FIFO Scheduler: IN FIFO Scheduler policy, applications are served on “First in First out” basis but this policy can lead to job starvations if cluster is shared among multiple users. So, this policy is not optimal in shared clusters. By Default, YARN is always set to FIFO policy.
Capacity Scheduler: In Capacity Scheduler, different organization shares their Hadoop cluster to maximize utilization of cluster. Though organization are sharing their cluster, but Capacity Scheduler make sure that each organization are getting their required capacity. Capacity Scheduler provides capacity guarantees, elasticity, resource-based scheduling, priority scheduling, multi-tenancy and much more. We have to set below property in conf/yarn-site.xml file to enable Capacity Scheduler in YARN.
Fair Scheduler: Fair Scheduling policy make sure that all running jobs get roughly equal shares of resources (memory or cpu). Jobs are divided into queues and resources are shared equally among those queues. It always guarantees minimum share to queue and if queue is empty, excess resources are distributed for jobs running in other queues. We can also define set of rules that get applied to submitted applications so that application land into appropriate queues for further processing.
User can reserve some resources in YARN using reservation system so that critical application always get resource on time. We can mark any leaf queue as reservation queue in Fair & Capacity Scheduler (fair-scheduler.xml/capacity-scheduler.xml). Let’s see how it works:
The user submits the reservation creation request and receives a reservation Id. In the next step, user send the reservation request along with reservation id and a ReservationAgent called as GREE will create a reservation in the Plan (Plan is data structure that maintain & tracks all reservations). In future whenever user applies with reservation id, scheduler will make sure that the application gets the reserved resources. However, when resources are not in use can be used for execution of other applications as well.
Earlier to Hadoop 2.4, Yarn Manager was the single point of failure in YARN cluster. However, after Hadoop 2.4 Resource Manager works in Active/StandBy mode to provide fault tolerance and high availability. Standby Resource Manager always keep track of all changes that is happening in active Resource Manager and can take its place in case of failures. Resource Manager closely works with zookeeper to write its state and to decide which Resource Manager should be active in case of failures. Fail-over Transition from active mode to standby mode can either happens manually or automatically. Manual failover transmission fa can be done by administrator by using “yarn rmadmin” cli whereas in automatic failover transmission zookeeper daemon is used.

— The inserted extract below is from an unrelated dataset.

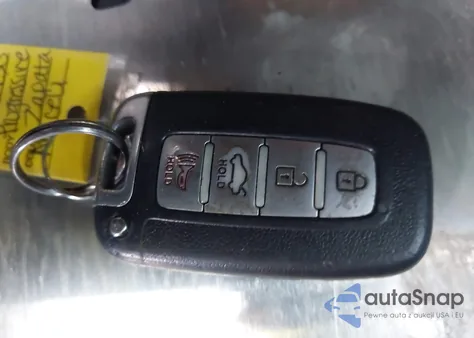 2012 Hyundai Genesis 3.8 z USA, uszkodzony, nr VIN KMHGC4DD7CU204491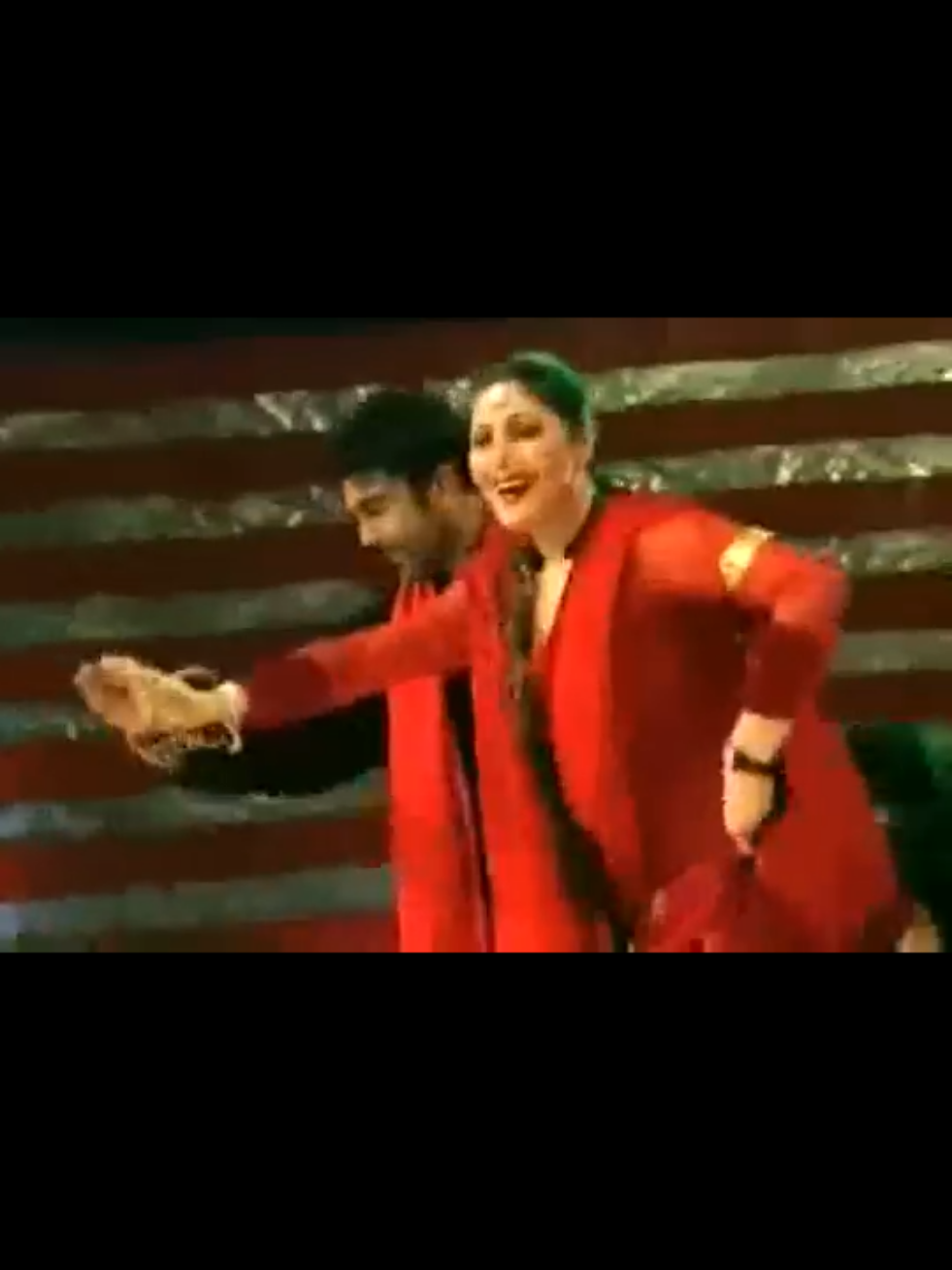 Saima noor & Shan dance performance in LSA-2006 song chhati borein ve tabiba #saimanoor #shan #dance #lsa2006 #viralvideo @TiktokPakistanOfficial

Yarn Federation is a technique to club smaller YARN cluster together to appear as one large cluster. Application running on federated cluster can get schedule on any of the nodes of sub cluster. There will be multiple Resource Manager each per cluster. Such architecture provides a lot more flexibility and scalability as separate Resource Manager will be handling part of cluster thus increasing the overall performance of scheduling and monitoring.
YARN Versus Mesos
Apache Mesos is another well-known resource manager in the market. There are few significant differences between the both.
|YARN is written in Java
||Mesos is written in C++
|By default, in YARN is based on memory scheduling only.
||By default, Apache Mesos has memory and cpu scheduling
|Apache YARN is a monolithic scheduler which means it follow a single step to schedule & deploy the job
||Apache Mesos is a non-monolithic follows the two-step process to schedule & deploy.
|Apache Yarn is less scalable.
||Apache Mesos is more scalable
Undoubtedly, YARN is a robust, flexible, configurable extensible resource management engine that supports more than 15 big data frameworks. It allows external system to leverage Hadoop Distributed file system. It is highly in demand and used widely across the industry.